WASHINGTON — Ellen Lord appears poised to become the last undersecretary of defense for acquisition, technology and logistics.
Lord, a longtime Textron executive, faced no hard questioning during a Tuesday confirmation hearing in front of the Senate Armed Services Committee. Instead, she and the other three nominees — John Gibson to be deputy chief management officer; Lucian Niemeyer to be assistant secretary of defense for energy, installations and environment; and Matthew Donovan to be undersecretary of the U.S. Air Force — seem likely to breeze through the committee process.
Lord has been CEO of Textron Systems since October 2012. She previously spent time in a number of roles with Textron, the eighteenth-largest defense contractor in the world, according to the 2016 Defense News Top 100 list.
Unlike Patrick Shanahan, the Boeing executive who was confirmed Tuesday to become deputy secretary of defense, Lord faced no questions about how she would recuse herself from decisions related to her former employer. The terms "recuse," "recusal" and "waiver" were all missing from presubmitted questions and answers, which were posted on SASC’s website.
That may have been due to the absence of Sen. John McCain, the Arizona Republican who chairs SASC. McCain, recuperating at home from a recent surgery, previously told Defense News he is concerned about the number of defense industry figures entering key Pentagon roles.
If confirmed, Lord will be the first woman to hold the office for acquisition, technology and logistics, or AT&L — and the final person to wield that title.
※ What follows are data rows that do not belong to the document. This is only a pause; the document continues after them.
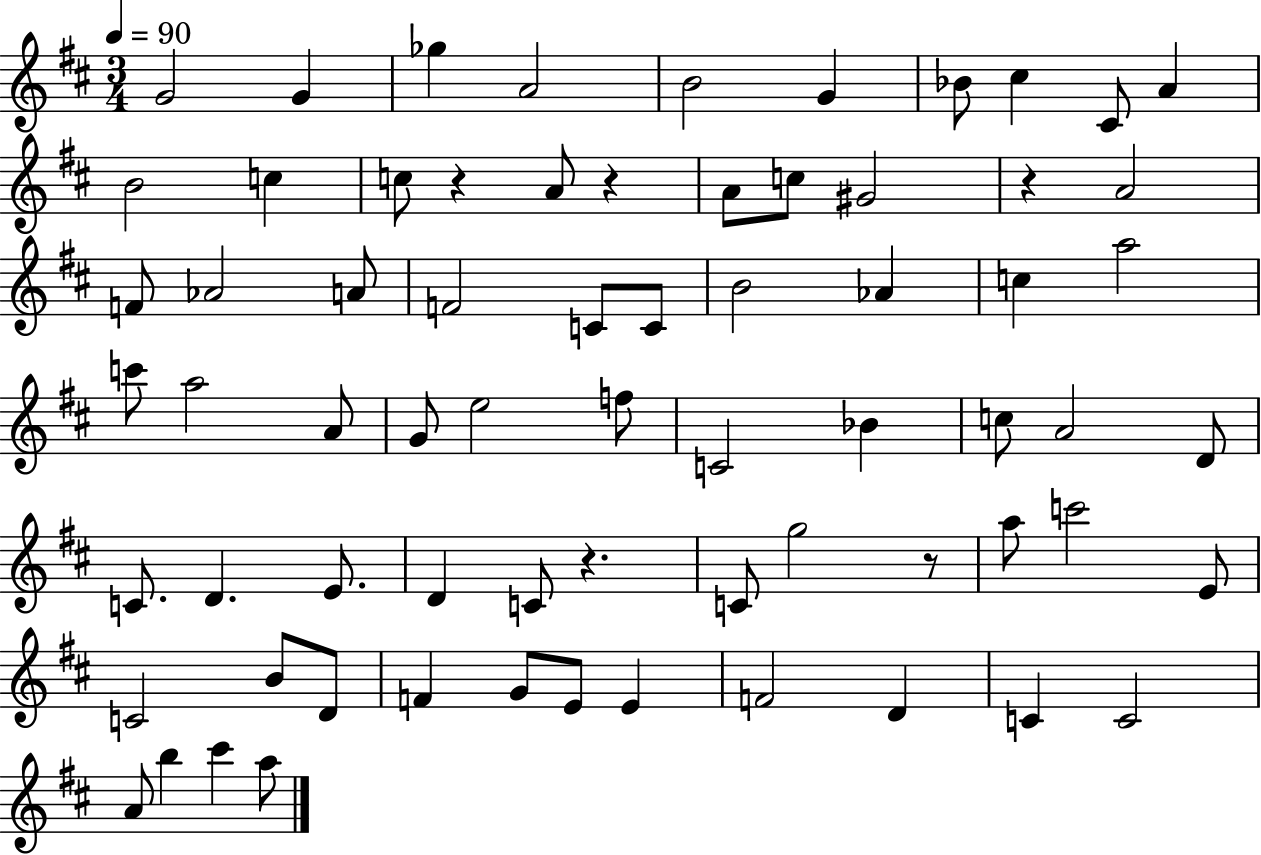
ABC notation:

X:1
T:Untitled
M:3/4
L:1/4
K:D
G2 G _g A2 B2 G _B/2 ^c ^C/2 A B2 c c/2 z A/2 z A/2 c/2 ^G2 z A2 F/2 _A2 A/2 F2 C/2 C/2 B2 _A c a2 c'/2 a2 A/2 G/2 e2 f/2 C2 _B c/2 A2 D/2 C/2 D E/2 D C/2 z C/2 g2 z/2 a/2 c'2 E/2 C2 B/2 D/2 F G/2 E/2 E F2 D C C2 A/2 b ^c' a/2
AT&L is set to devolve into two new entities come February 1. The first, the undersecretary of research and engineering, or R&E, would focus primarily on developing new concepts and technology, while the undersecretary of acquisition and sustainment, or A&S, would focus on keeping current acquisition programs on track.
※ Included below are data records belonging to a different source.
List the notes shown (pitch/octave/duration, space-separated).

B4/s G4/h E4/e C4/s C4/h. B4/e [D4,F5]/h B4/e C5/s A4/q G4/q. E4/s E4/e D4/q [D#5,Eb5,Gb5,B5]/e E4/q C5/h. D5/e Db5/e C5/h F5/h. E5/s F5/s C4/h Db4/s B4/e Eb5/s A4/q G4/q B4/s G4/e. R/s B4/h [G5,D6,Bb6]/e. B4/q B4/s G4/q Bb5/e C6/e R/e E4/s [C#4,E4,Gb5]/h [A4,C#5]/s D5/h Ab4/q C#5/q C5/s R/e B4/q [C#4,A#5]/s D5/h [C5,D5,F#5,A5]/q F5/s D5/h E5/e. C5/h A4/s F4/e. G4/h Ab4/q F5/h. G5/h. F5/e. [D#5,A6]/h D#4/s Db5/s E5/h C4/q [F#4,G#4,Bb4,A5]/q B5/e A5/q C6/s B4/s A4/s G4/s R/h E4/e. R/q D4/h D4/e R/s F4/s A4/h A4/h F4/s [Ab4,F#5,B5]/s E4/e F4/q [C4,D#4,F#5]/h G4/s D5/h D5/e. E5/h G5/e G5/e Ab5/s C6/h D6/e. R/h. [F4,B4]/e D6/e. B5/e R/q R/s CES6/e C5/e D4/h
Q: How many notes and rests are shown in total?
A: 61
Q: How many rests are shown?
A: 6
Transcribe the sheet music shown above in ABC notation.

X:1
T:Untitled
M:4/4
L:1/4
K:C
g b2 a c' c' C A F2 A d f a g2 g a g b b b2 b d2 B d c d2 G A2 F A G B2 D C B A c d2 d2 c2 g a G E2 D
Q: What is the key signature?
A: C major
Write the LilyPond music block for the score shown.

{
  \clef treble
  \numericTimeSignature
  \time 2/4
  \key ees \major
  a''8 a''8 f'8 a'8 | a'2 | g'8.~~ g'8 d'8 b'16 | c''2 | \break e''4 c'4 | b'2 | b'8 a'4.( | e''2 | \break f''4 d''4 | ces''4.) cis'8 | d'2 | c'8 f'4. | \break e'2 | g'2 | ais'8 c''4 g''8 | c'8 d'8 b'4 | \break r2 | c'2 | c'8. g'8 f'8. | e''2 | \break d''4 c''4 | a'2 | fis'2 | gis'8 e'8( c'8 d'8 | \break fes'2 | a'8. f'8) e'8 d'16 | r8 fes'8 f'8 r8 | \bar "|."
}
Lord confirmed during the hearing that she would be sliding over to the A&S job, rather than the R&E role, come February but pledged to make sure the R&E side of the job would not suffer during her tenure as AT&L.
Perhaps the most tense moment of the hearing was when Sen. Jim Inhofe, R-Okla., questioned Niemeyer about Pentagon plans for another round of Base Realignment and Closure, or BRAC.
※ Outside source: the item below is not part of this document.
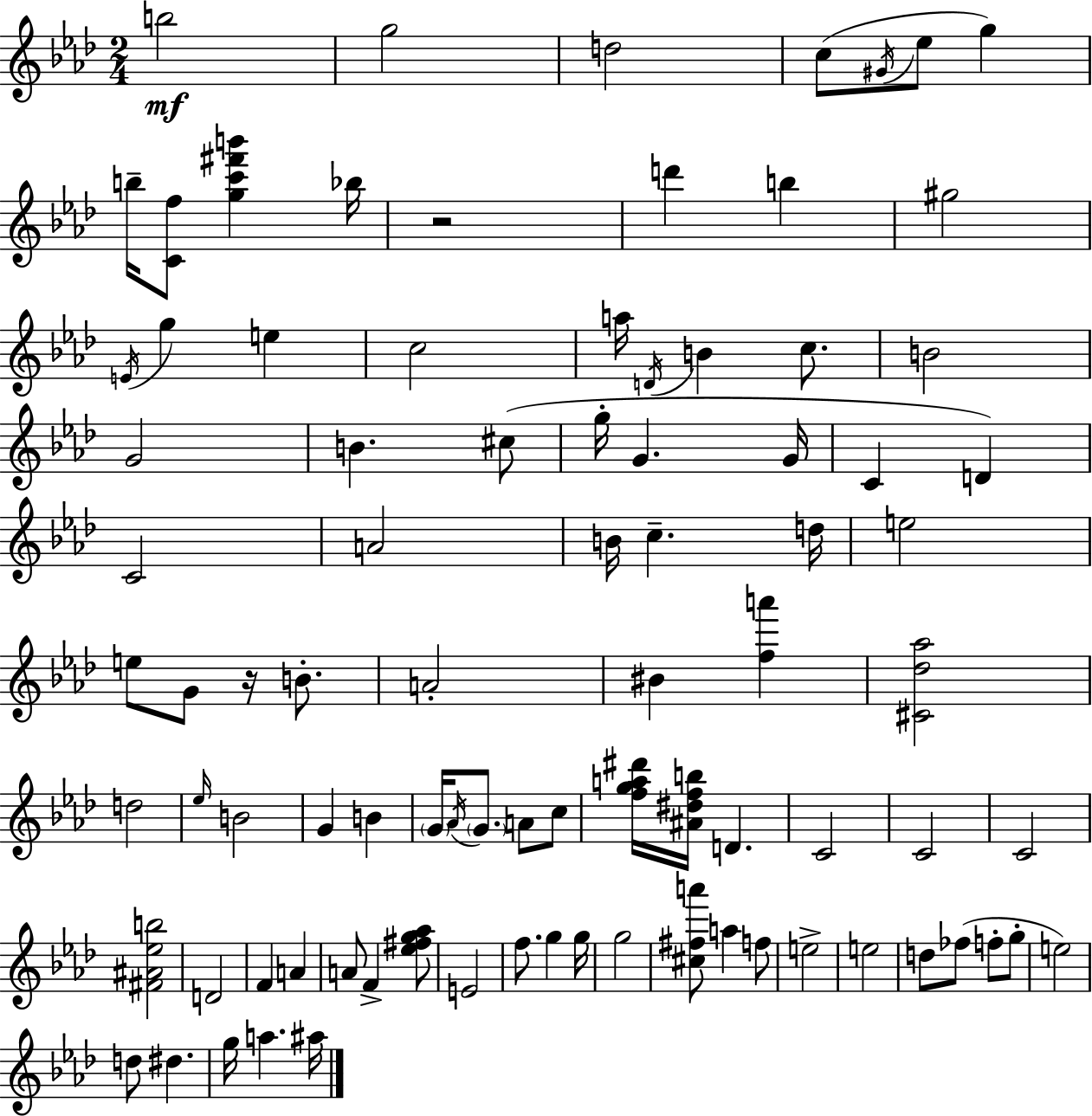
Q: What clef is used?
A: treble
In his opening statement, Niemeyer said the Pentagon is committed to providing an analysis of military value that can be derived for other needs from a BRAC round, adding that "now is the time to authorize a round."
Inhofe, who noted he has been through five rounds of BRAC during his time on the Hill, questioned whether the Pentagon could survive a BRAC round at this time given the upfront costs associated with such efforts.
But even in that case, Inhofe indicated that was more of a general concern than a shot-stopper and quickly moved on.